Opinião: Crítica ao Provimento CNJ nº 197/2025
A Agressão ao Estado de Direito: Crítica ao Provimento CNJ nº 197/2025.
Salvo melhor juízo, o Provimento CNJ nº 197/2025 emerge como uma afronta à ordem jurídica consolidada no Brasil, atropelando a separação de competências e invadindo de maneira flagrante a esfera de atuação dos advogados, assegurada tanto pela Constituição Federal quanto por legislação específica, como a Lei nº 8.935/1994 (Lei dos Notários e Registradores) e o Estatuto da Ordem dos Advogados do Brasil (Lei nº 8.906/1994). Promulgado sob o pretexto de modernizar e otimizar os serviços extrajudiciais, este provimento não apenas compromete a função constitucional da advocacia, mas também viola princípios fundamentais do Estado Democrático de Direito.
1. O Papel Definido dos Tabeliães de Notas
A Lei nº 8.935/1994 estabelece de forma clara e inequívoca o escopo da atuação dos Tabeliães de Notas, limitando suas atribuições à autenticação, formalização e instrumentalização de atos e negócios jurídicos. Essa função é essencial e instransponível, consistindo na garantia de segurança, publicidade e eficácia dos atos jurídicos. Não obstante a relevância deste serviço público, cabe ao tabelião agir como um agente imparcial, que certifica a vontade das partes, sem adentrar no mérito de aconselhamento jurídico ou interpretação normativa – funções que são exclusivas dos advogados.
Dessa forma, ao ampliar indevidamente as prerrogativas dos tabeliães para abarcar atribuições típicas da advocacia, como a consultoria e análise jurídica de questões complexas, o Provimento CNJ nº 197/2025 distorce os limites impostos pela legislação e subverte o arcabouço jurídico existente.
2. A Exclusividade da Advocacia na Defesa do Direito
A Lei nº 8.906/1994, em seu artigo 1º, é categórica ao conferir aos advogados o monopólio para a postulação em juízo e para o exercício de consultoria, assessoria e direção jurídicas. Isso não é mera reserva de mercado, mas uma medida indispensável para assegurar a qualidade, a técnica e o compromisso ético na interpretação e aplicação do Direito.
Ao permitir que Tabeliães de Notas desempenhem atribuições jurídicas que demandam interpretação normativa, o provimento em questão configura uma ruptura com a proteção garantida pelo legislador aos cidadãos que, ao buscar o suporte jurídico, têm direito de recorrer a profissionais devidamente habilitados pela Ordem dos Advogados do Brasil – OAB. Trata-se de um desrespeito não apenas à advocacia, mas às garantias individuais que protegem os cidadãos contra aconselhamentos deficientes ou parciais.

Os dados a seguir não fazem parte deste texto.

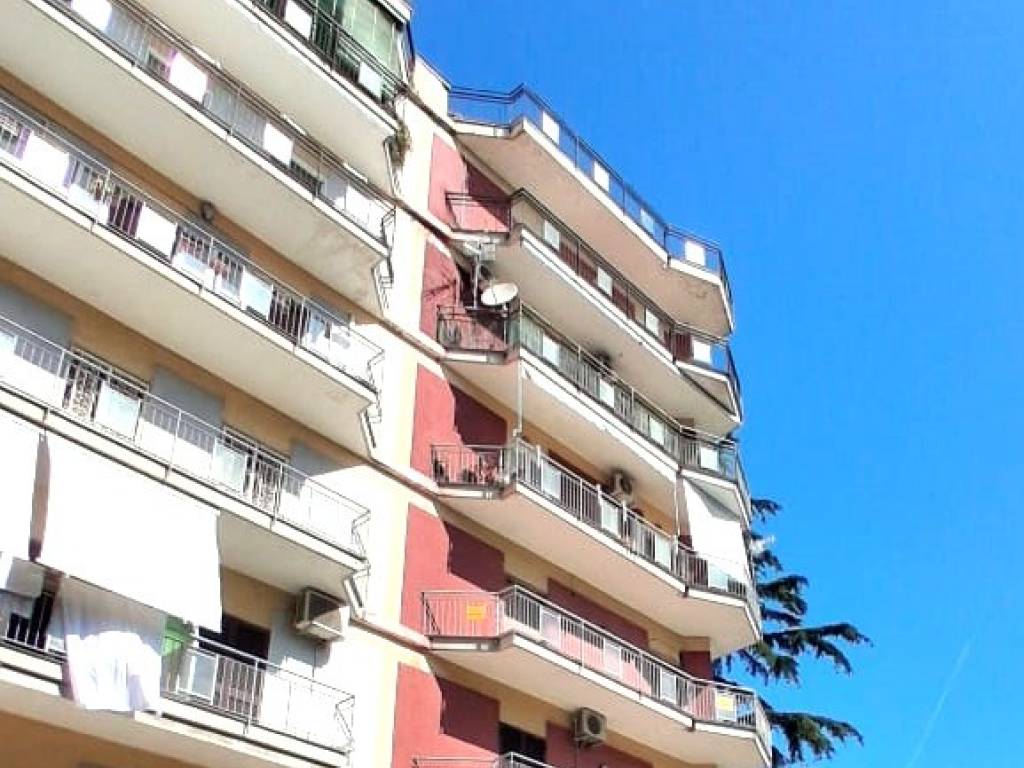 appartamento a Torre del Greco in zona Scappi / Lava Nuova / Montedoro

3. O Provimento CNJ 197/2025: Um Perigo à Sociedade
A implementação do Provimento CNJ nº 197/2025 representa um terreno fértil para a precarização e banalização da atividade jurídica. Se os tabeliães, apesar de sua formação jurídica especializada e de seu rigor técnico exigido pela prática do Direito, forem autorizados a prestar serviços advocatícios, os riscos para a sociedade serão múltiplos:
Conflito de Interesses: Os tabeliães, ao acumularem a função de conselheiros jurídicos, estarão inevitavelmente comprometendo sua imparcialidade como agentes notariais, já que poderão ter interesse direto nos negócios ou nas consultas por eles analisadas.
Prejuízo ao Cidadão: A ausência de qualificação técnica específica (como a tramitação de ações nos tribunais de justiça) pode levar a erros crassos na orientação e na condução de negócios que, em última análise, impactam os direitos fundamentais dos cidadãos.

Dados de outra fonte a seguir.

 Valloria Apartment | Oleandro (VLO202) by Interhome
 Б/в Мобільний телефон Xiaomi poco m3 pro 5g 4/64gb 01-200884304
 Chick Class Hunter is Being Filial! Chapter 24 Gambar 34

Desvalorização da Advocacia: Ao alocar indevidamente aos tabeliães funções que são atribuídas por lei aos advogados, o provimento mina e enfraquece uma classe essencial para a manutenção da justiça e da democracia.
4. Inconstitucionalidade e Usurpação de Competência
Além de gerar insegurança jurídica, o provimento configura violação à separação de poderes e à hierarquia legislativa. Ao regulamentar indevidamente áreas que extrapolam a competência administrativa do Conselho Nacional de Justiça, o CNJ invade a esfera de atribuições próprias do Congresso Nacional, que é o único órgão investido de legitimidade democrática para disciplinar as profissões regulamentadas no país.
O Provimento CNJ nº 197/2025 é, portanto, um exemplo claro de desvio de finalidade e usurpação de competência legislativa, devendo ser declarado nulo. Não cabe a um órgão administrativo, por mais respeitável que seja, alterar os marcos legais impostos por leis federais devidamente aprovadas pelo Poder Legislativo e sancionadas pelo Executivo.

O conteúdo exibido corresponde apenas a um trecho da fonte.